Its not the same power!!

Go buy the echo or the 192, use it for a few months, then run an 200.
There is a huge difference in power.

Personally, for climbing I wouldnt consider anything less, the extra money it costs is well worth it, but you'll never know....

....it seems your sold on a cheaper/ weaker saw


----------



## Kneejerk Bombas (Mar 24, 2006)

The ms200t is about twice as fast as the Echo 340. It'll also outlast it 2 to 1.


----------



## tophopper (Mar 24, 2006)

the 192's DO make good wheel chocks


----------



## tophopper (Mar 24, 2006)

TreeCo said:


> I like my 200t but I've never use the husky top handle climbing saws.
> 
> Mike did you ever get a rear handle ms200?





I dont wanna start a ford / chevy war, but,


Ive had 3 husky top handles 2 335's and 1 338, they were (are) all pieces of chit. And because they are made of such brittle plastic, they dont even work well for wheel chocks. 

Actually I think the husky top handles have the best ergonomics and are the sleekest looking, too bad they arent better built.


----------



## treeman82 (Mar 24, 2006)

The 192's are alright if you are just starting out and don't have the money to drop on a 200T. However if you run the 192 for a few days and then get to run a 200T it's like night and day. The speed, the design, the tanks, the durability, the power, etc. etc. it's just a far superior saw.


----------



## Kneejerk Bombas (Mar 24, 2006)

TreeCo said:


> I like my 200t but I've never use the husky top handle climbing saws.
> 
> Mike did you ever get a rear handle ms200?

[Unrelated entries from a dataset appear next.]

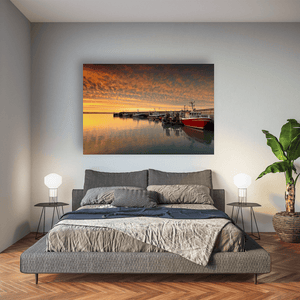 clogherhead-harbour-fishing-boats-sunset Pano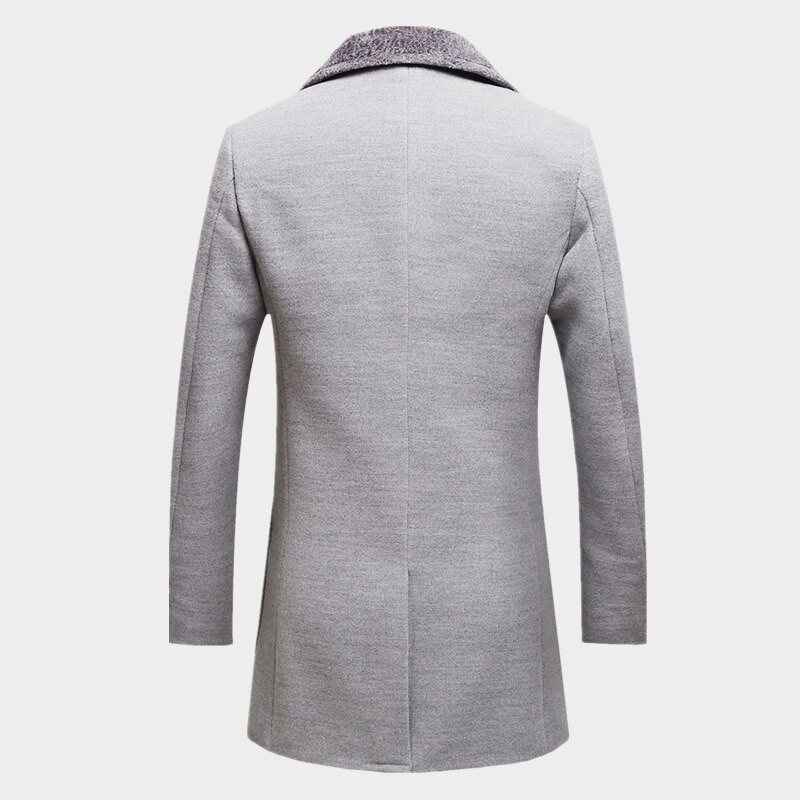 2023 Winter Men's Windbreaker Long Section Plus Velvet Warm Coat Jacket Fashion Slim Fur Collar Solid Color Woolen Coat Size 5XL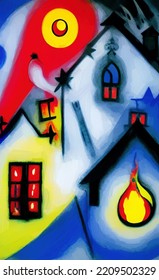 Digital Painting Burning House - Cubism, Surrealism And Expressionism Mixed Style. Creative Art Poster, Canvas. Print Design Cards, Souvenirs, Commercial. Graphic Drawing With Oil And Pastel Imitation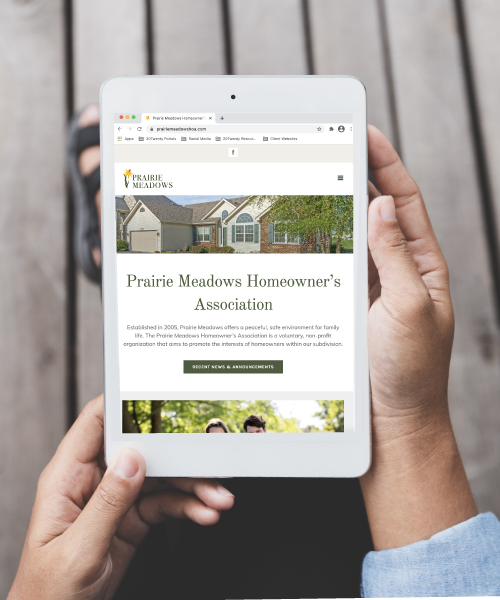 Prairie Meadows HOA Website Design on Tablet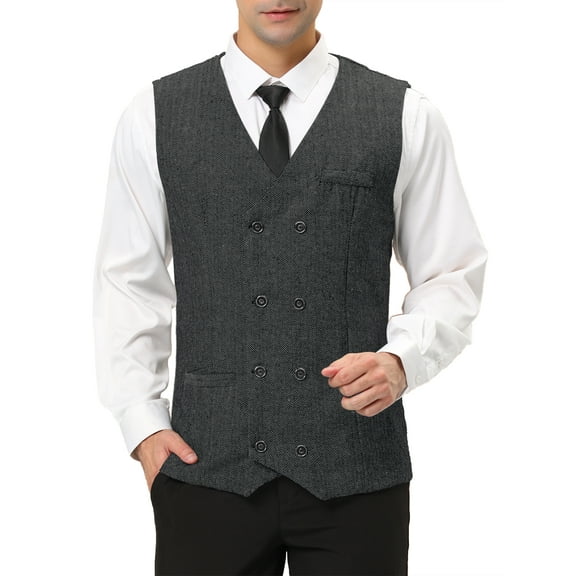 Lars Amadeus Men's Dress Vest Double Breasted Slim Fit Prom Sleeveless Waistcoat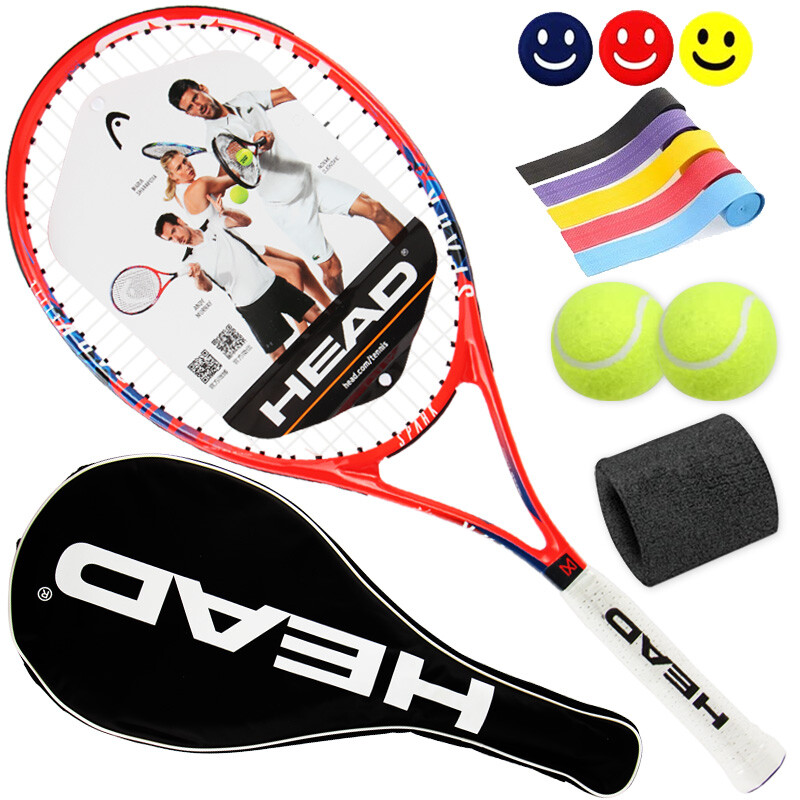 Hyde head tennis racket spark elite carbon tennis racket comes with shock absorber, hand rubber wrist guard, tennis ball 2, threaded orange red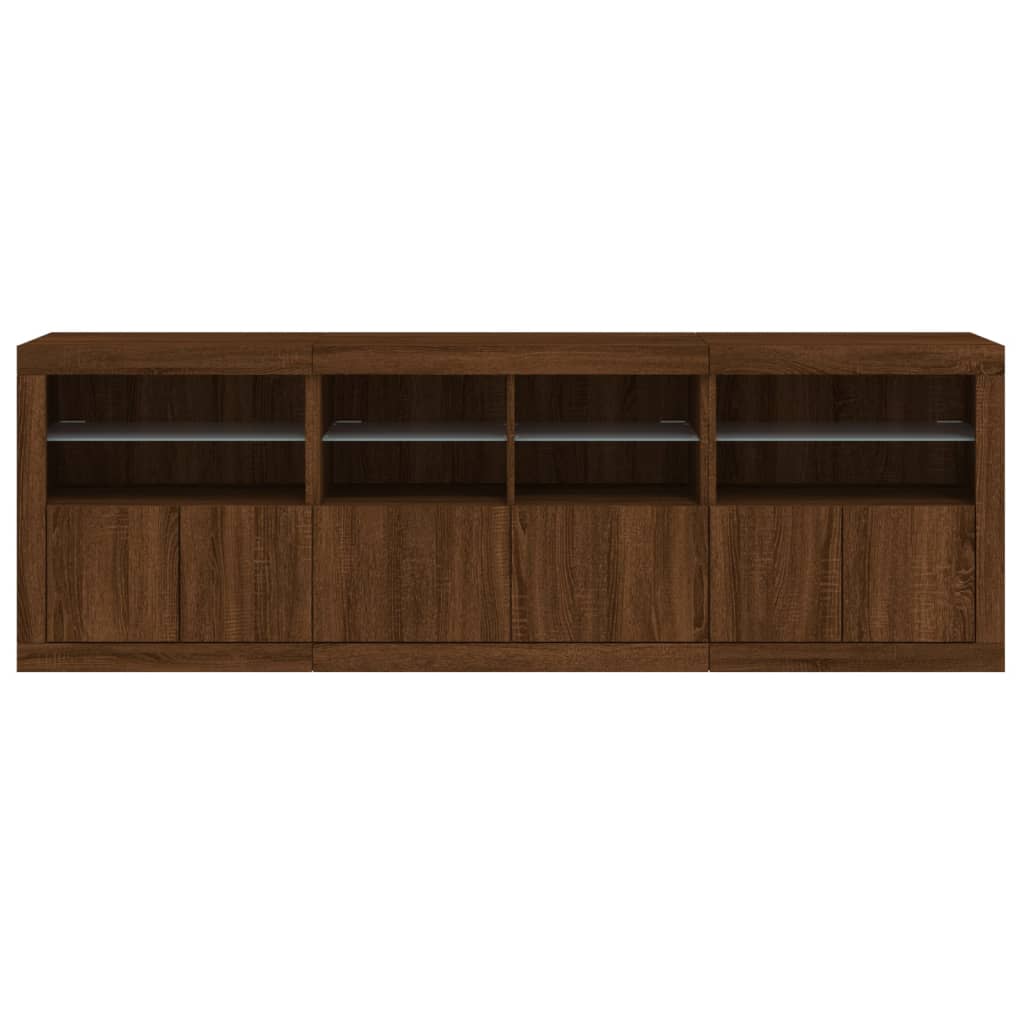 Buffet avec éclairage LED 202x37x67 cm couleur chêne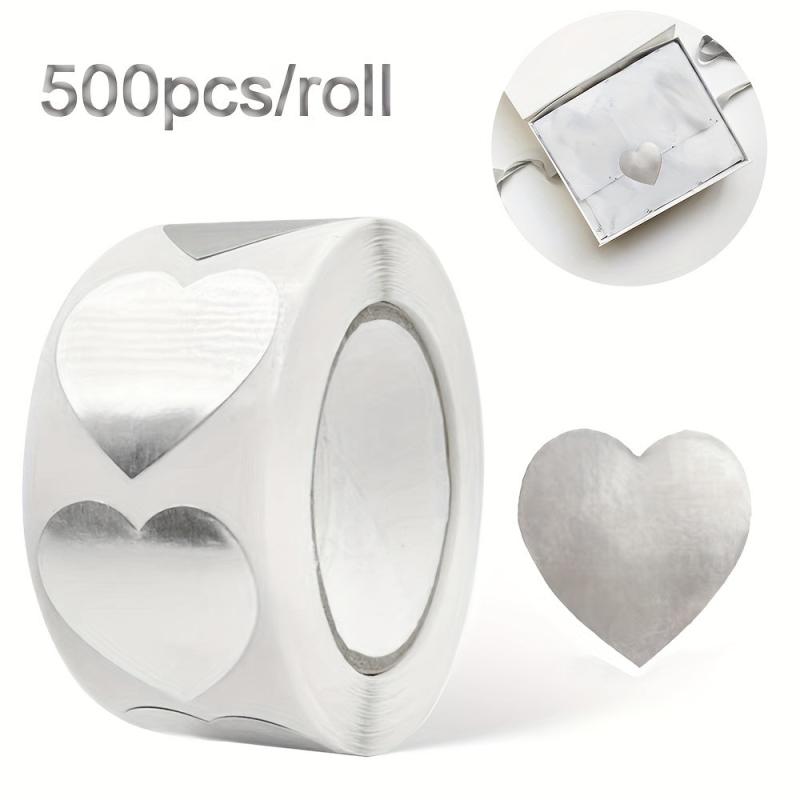 500 Heart Shaped Stickers - 1 Inch Silvery and Golden - Christmas Gift Labels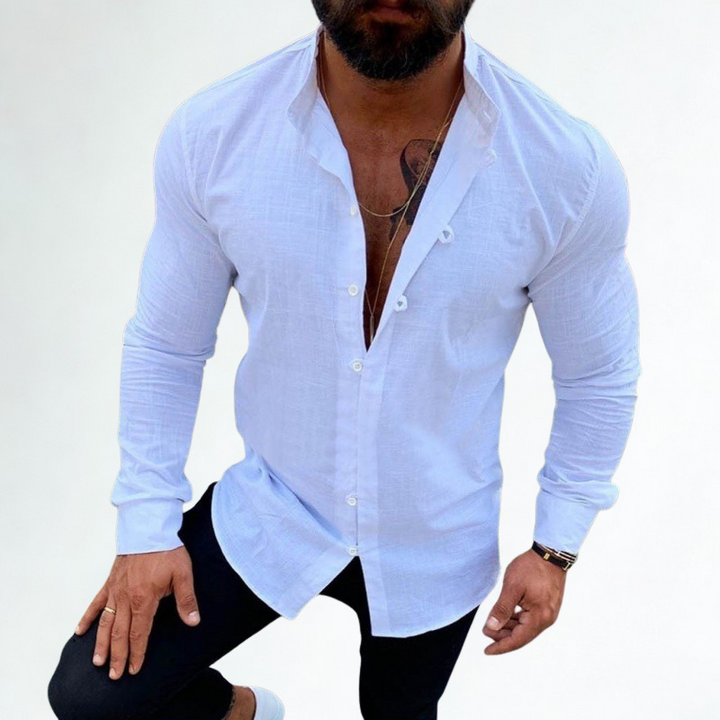 Men's classic long sleeve polo shirt with a stylish collar & button-up placket for effortless casual comfort.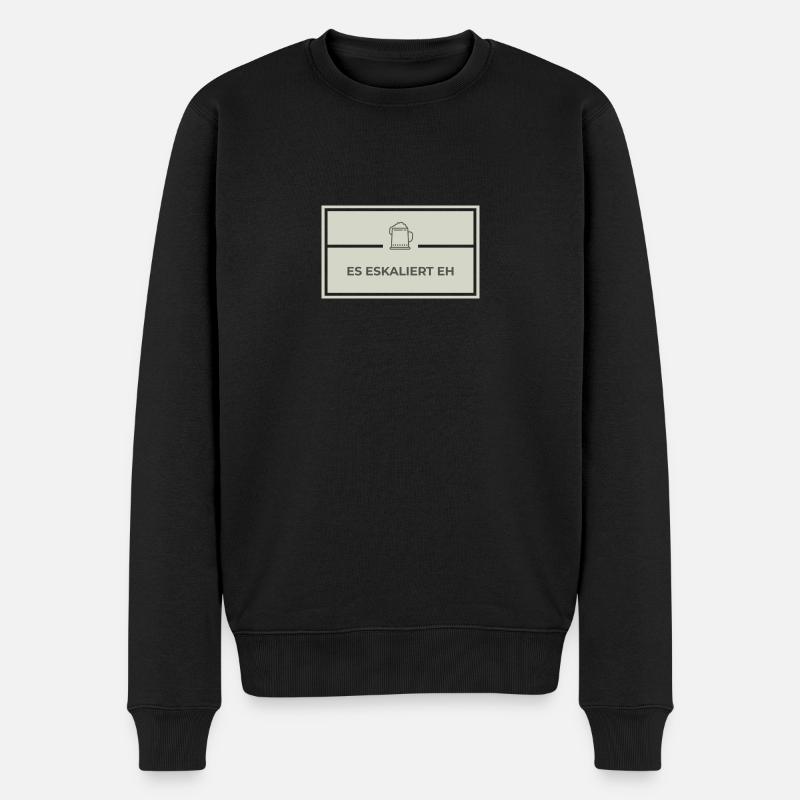 Es Eskaliert - Männer Premium Bio Pullover - Schwarz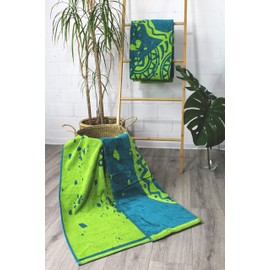 jilda-tex Beach Towel Bath Towel - 90 x 180 cm - 100% Cotton Velour Terry Cloth Easy Care, Gecko, 90 x 180 cm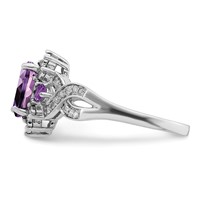 Sterling Silver Rhodium-plated Diamond & Oval Amethyst Ring view 4
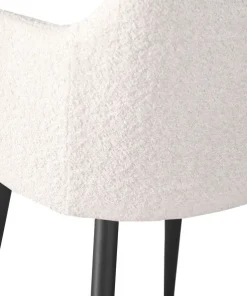 Lot de 2 chaises Paoline Tissu Bouclette Crème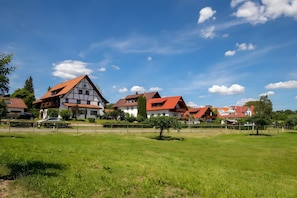 Une rangée de maisons traditionnelles aux toits rouges et aux murs blancs, nichées dans un champ verdoyant.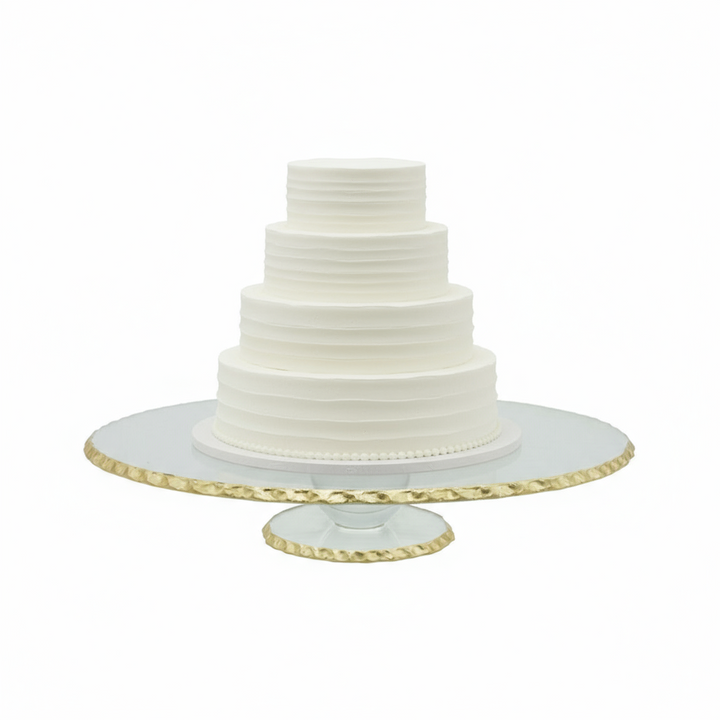 Schäfer Kagestativ Glas med gylden kant – Ø 26 cm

I did play with one, but we've been running the Husky 336. There have been real nice tools. They will soon be selling the 339 here and I'll definitely be getting one.
The plastic is brittle, so don't drive over them with your truck like tophopper does.


----------



## dakota (Mar 24, 2006)

treeman82 said:


> The 192's are alright if you are just starting out and don't have the money to drop on a 200T. However if you run the 192 for a few days and then get to run a 200T it's like night and day. The speed, the design, the tanks, the durability, the power, etc. etc. it's just a far superior saw.




I've had to use a 192 for the past couple of days and even worse than slower speed, etc than the 200 is the difference between the OFF buttons. I'm so used to turning my 200 OFF quickly and swiftly, yet that 192 requires a bit more effort just to turn the stupid thing off. Button is shaped different, smaller and maybe a slightly different angle. Obviously designed by someone who never had to do did tip-ties.


----------



## geofore (Mar 25, 2006)

*saw$*



treeminator said:


> the STIHL 200T is like 35cc and priced over $500.
> the ECHO (climber) and STIHL 192(?) are like 30cc to 32cc's, but less than $250.
> why are people still paying for the 200T's when they can get the others for half price?



It's not hard to understand if you use saws/tools every day. A craftsman/pro wants good tools. A homeowner is happy with a tool that works for this one job then he's done with it till next time, a week/month/year later. It's not even about a couple of cc's difference. It's about reliable preformance. What do you use your saw for and how often do you use it?


----------



## jmack (Mar 25, 2006)

treeminator said:


> the STIHL 200T is like 35cc and priced over $500.
> the ECHO (climber) and STIHL 192(?) are like 30cc to 32cc's, but less than $250.
> why are people still paying for the 200T's when they can get the others for half price?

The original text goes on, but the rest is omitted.